Make sure that your final code as it appears on the public-facing post is correct and will compile!

To embed the code properly: on the WordPress “Edit Post” page, move your cursor to where the code should be inserted in your post. Click the “Code Insert” button in the toolbar above the post (it is marked {…}). For Language, select C. Paste the code—properly indented!!—into the window, and click OK.

How to submit (WordPress instructions)

All documentation is submitted by making a post on the course WordPress site.

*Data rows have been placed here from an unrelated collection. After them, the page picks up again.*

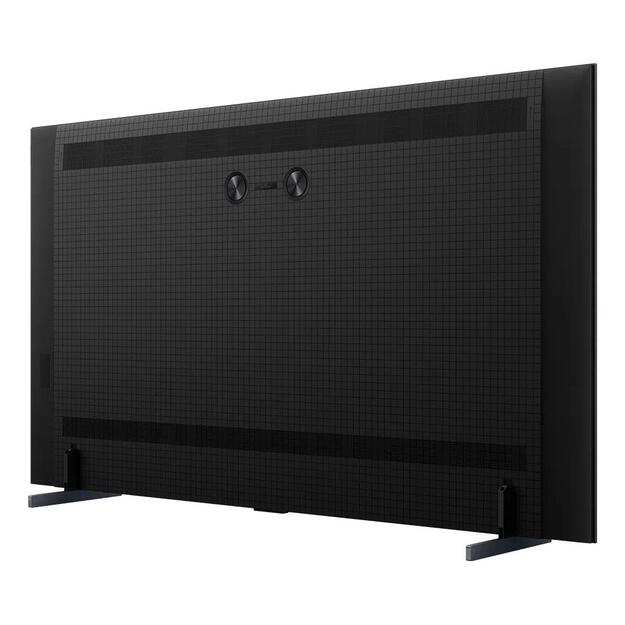 TV Set|TCL|98  |4K Ultra HD|3840 x 2160 pixels|Flat|16:9|QD-Mini LED|98Q7C 17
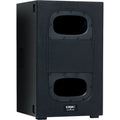 QSC KS112 2000W 12 inch Powered Subwoofer-QSC-Infinite Music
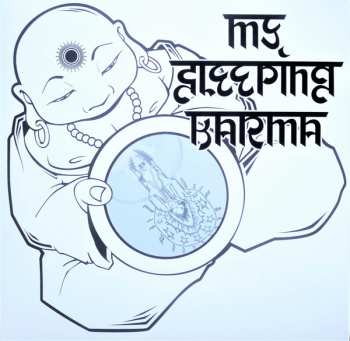 LP My Sleeping Karma: Satya 139573
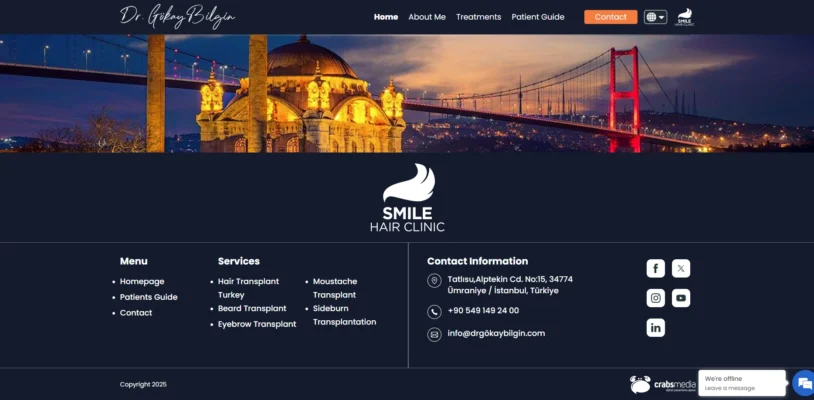 drgokaybilgin.com-image-1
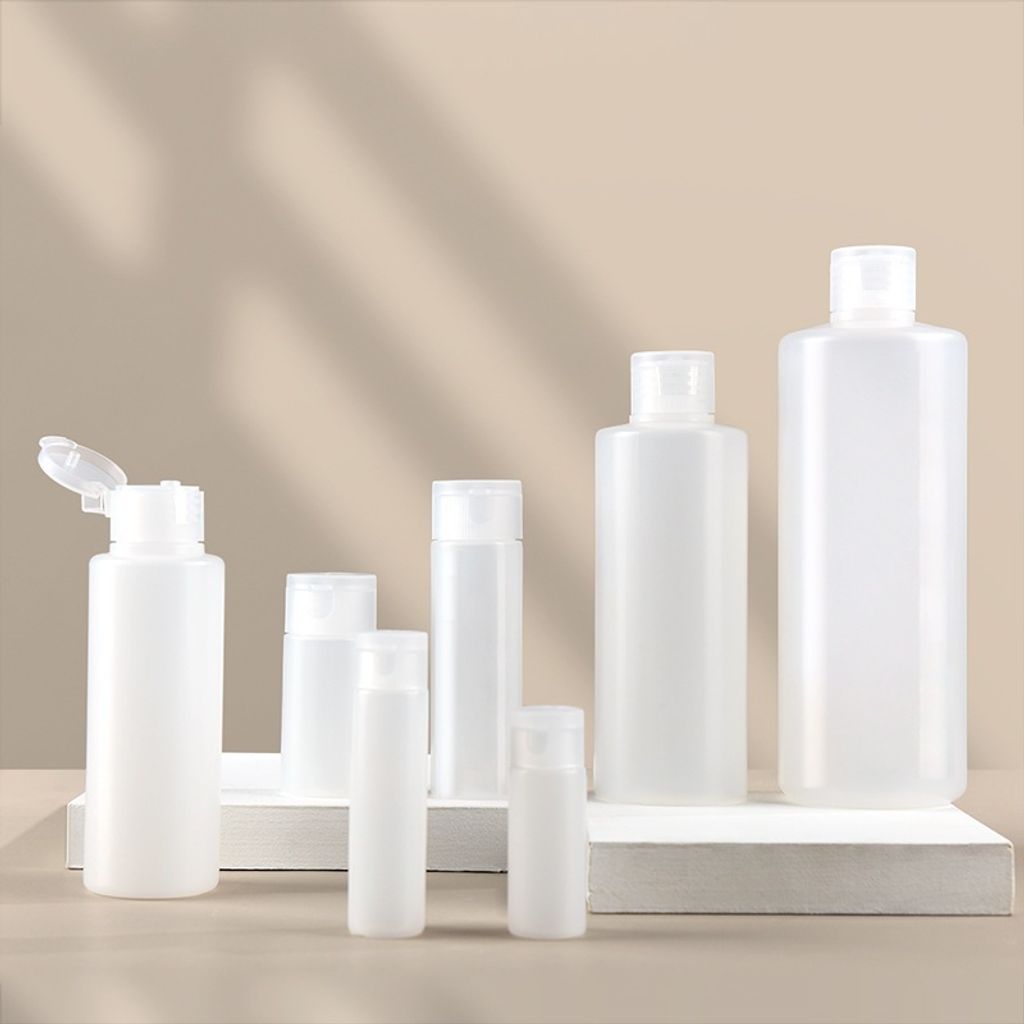 tw-11134207-7r98z-lztxwm0t0jry81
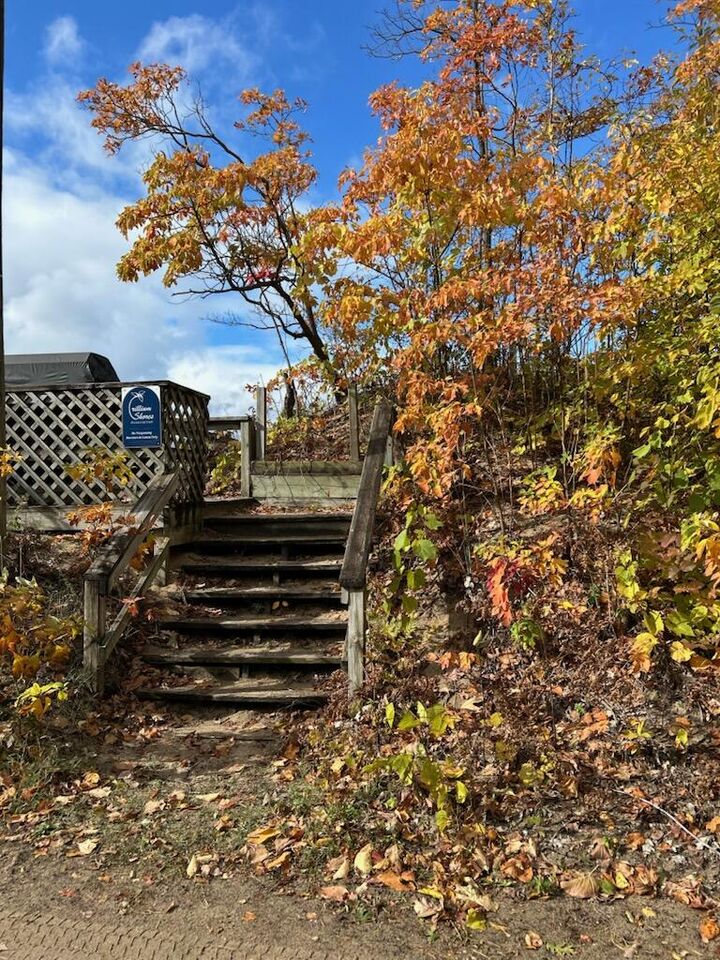 Property Photo:  0 College Avenue  MI 49460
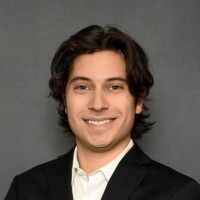 Sam Theodore Email & Phone Number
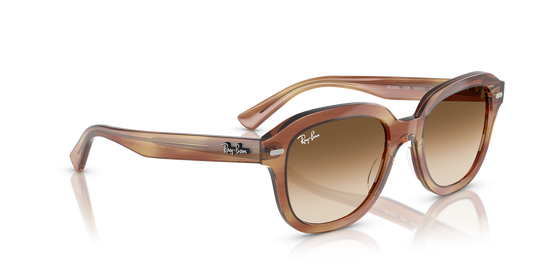 Ray-BanRB4398 140351 51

  • For Project 1: A Double Transducer, make a post with the title in the format “Double Transducer: Your Project’s Name Here.” The post should have both group members added as authors. On the right side of the page where you compose your post, under “Categories” select “Project 1.”

  • Upload your images at a reasonably high resolution; 1000 pixels of width is the lower boundary of what you should aim for. After adding an image to the post, click on it in the editor, click on the pencil icon to get to its Image Details popup, and select Size: large.

  • You can also use the Image Details menu to add a caption to an image.

Ordering parts

If you need parts that aren’t available in IDeATe Lending or in Phys Comp stock, the class budget may be able to make the purchase for you. As soon as you decide you’ll need a part, fill out this order form and, so nothing falls through the cracks, also write an email to Zach advising you just filled the form out so it can be processed as quickly as possible.

Feedback rubric

Credit is allocated as follows:

  • 10% progress check-in meeting
  • 40% crit
    • 35% technical proficiency (complete functioning demonstrated)
    • 5% creativity, novelty, and demonstration of original thinking
  • 50% documentation
    • 20% images
    • 15% writing (narrative and discussion sections)
    • 10% schematic
    • 5% code

Footnotes:

  1. This is actually complicated and contentious. See this account from that masters student, Hernando Barragán, to get his side of the story.